* What is being asked:
Line by line, output everything from the one that contains "GTABloggers logo" through the end of the material below, exactly as written and with no pictures.

* Dataset excerpt:
________________________
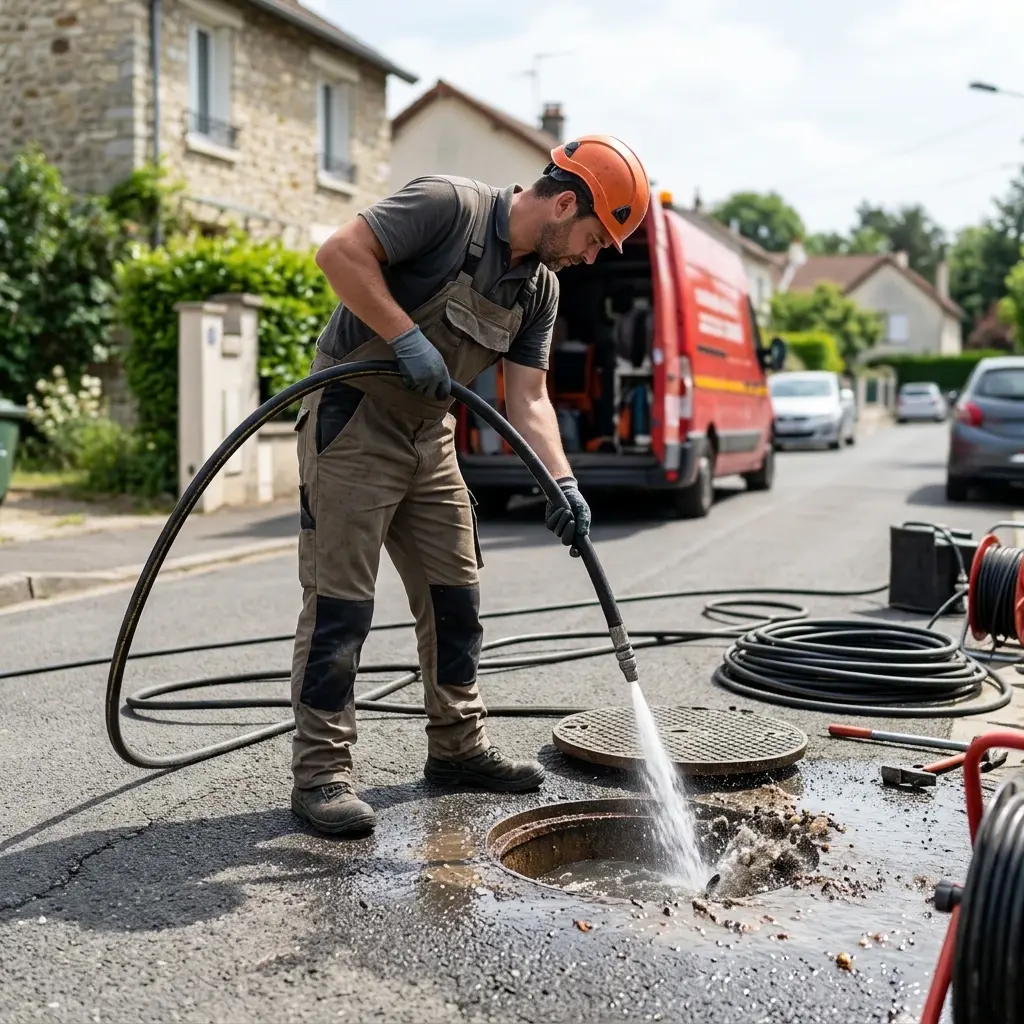 Une approche technique pour un résultat immédiat et durable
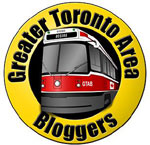 GTABloggers logo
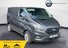 Ford Transit Custom 2.0 280 EcoBlue Limited L1 H1 Euro 6 (s/s) 5dr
________________________
* Task solution:
 GTABloggers logo
 Ford Transit Custom 2.0 280 EcoBlue Limited L1 H1 Euro 6 (s/s) 5dr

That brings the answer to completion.